(Dataset entries)
____________

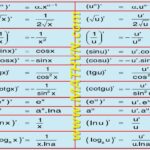 Công thức đạo hàm của các hàm số sơ cấp cơ bản
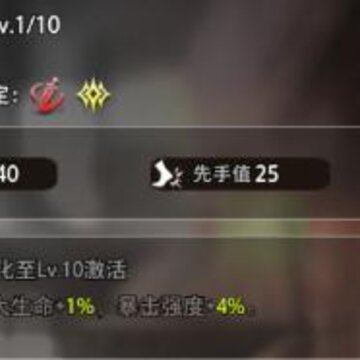 命运神界琪琪怎么选择装备 命运神界琪琪装备推荐 命运神界琪琪怎么选择装备 命运神界琪琪装备推荐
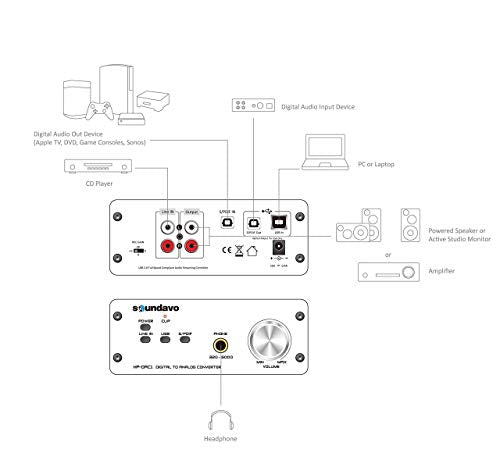 HP-DAC1 Digital to Analog Converter/Headphone Preamp DAC with S/PDIF, Line, USB Input for PC/Laptop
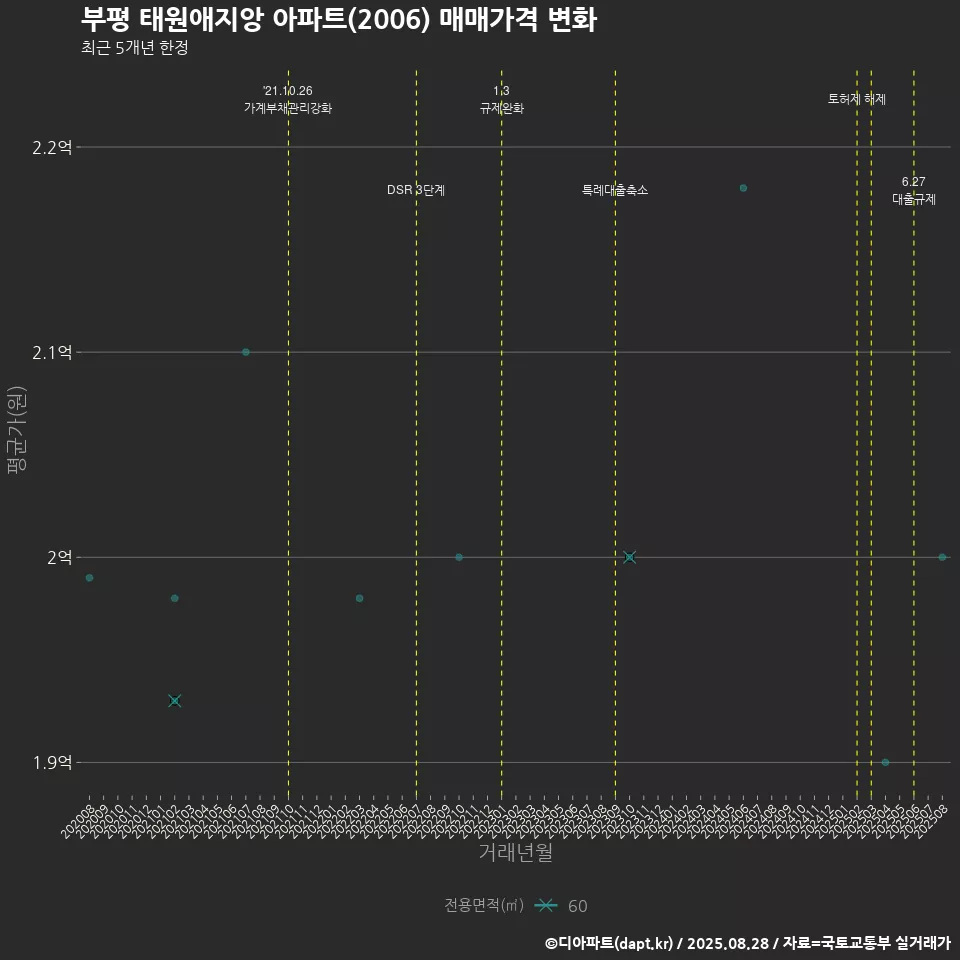 부평 태원애지앙 아파트(2006) 매매가격 변화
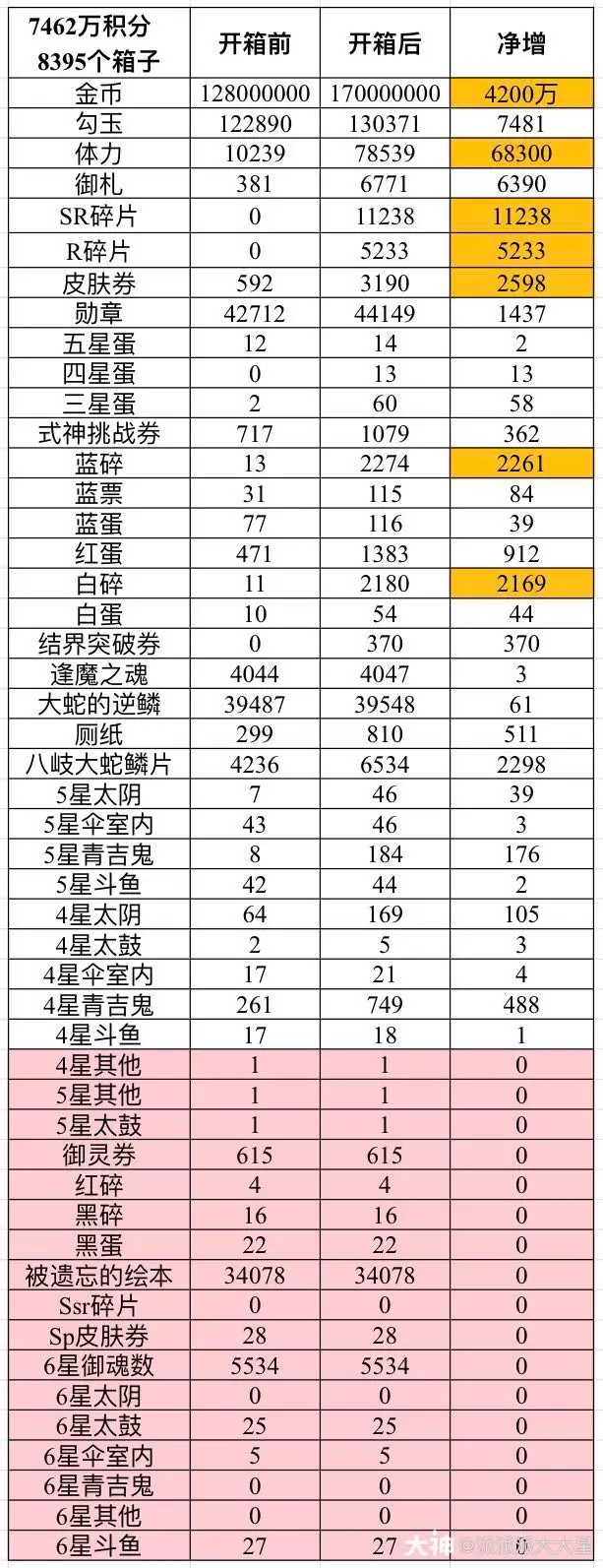 阴阳师2022超鬼王箱子开哪个最划算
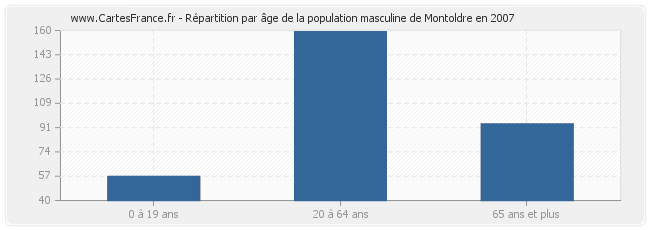 Répartition par âge de la population masculine de Montoldre en 2007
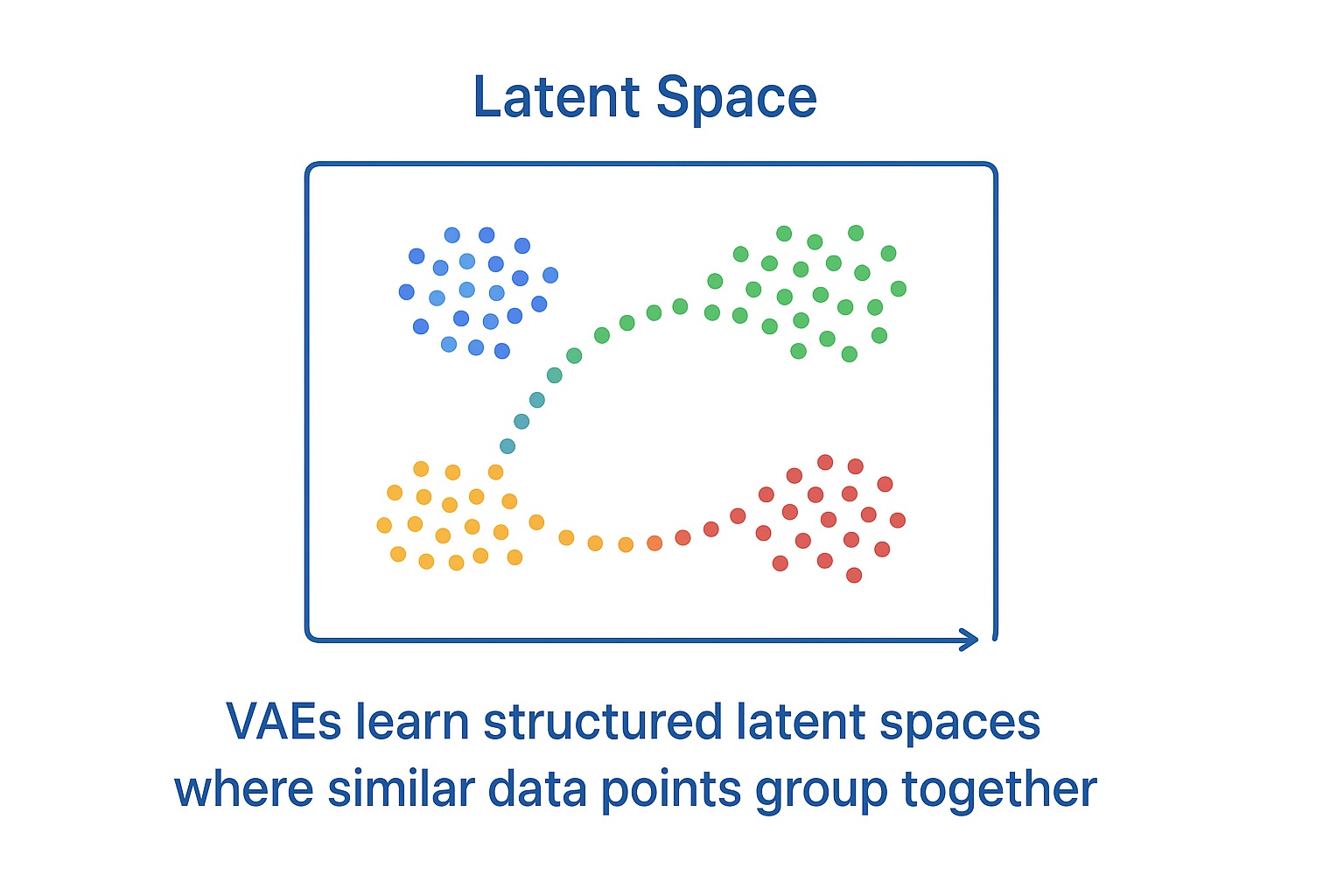 VAE Reparameterization Trick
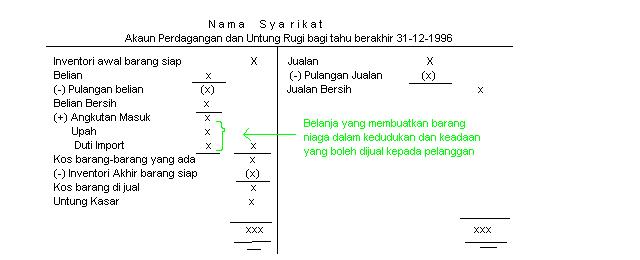 Bab 9 Akaun Perdagangan Dan Untung Rugi Serta Kunci Kira Kira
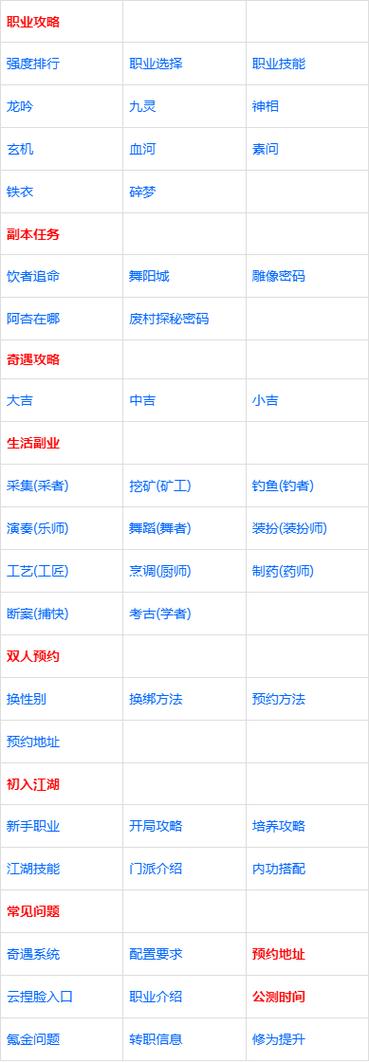 逆水寒兑换码最新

____________

## What to produce
Output, exactly and only, the lines beginning with the one that contains "HP-DAC1 Digital to" and ending at the last line of the records above. Drop the pictures.

## Solution below
 HP-DAC1 Digital to Analog Converter/Headphone Preamp DAC with S/PDIF, Line, USB Input for PC/Laptop
 부평 태원애지앙 아파트(2006) 매매가격 변화
 阴阳师2022超鬼王箱子开哪个最划算
 Répartition par âge de la population masculine de Montoldre en 2007
 VAE Reparameterization Trick
 Bab 9 Akaun Perdagangan Dan Untung Rugi Serta Kunci Kira Kira
 逆水寒兑换码最新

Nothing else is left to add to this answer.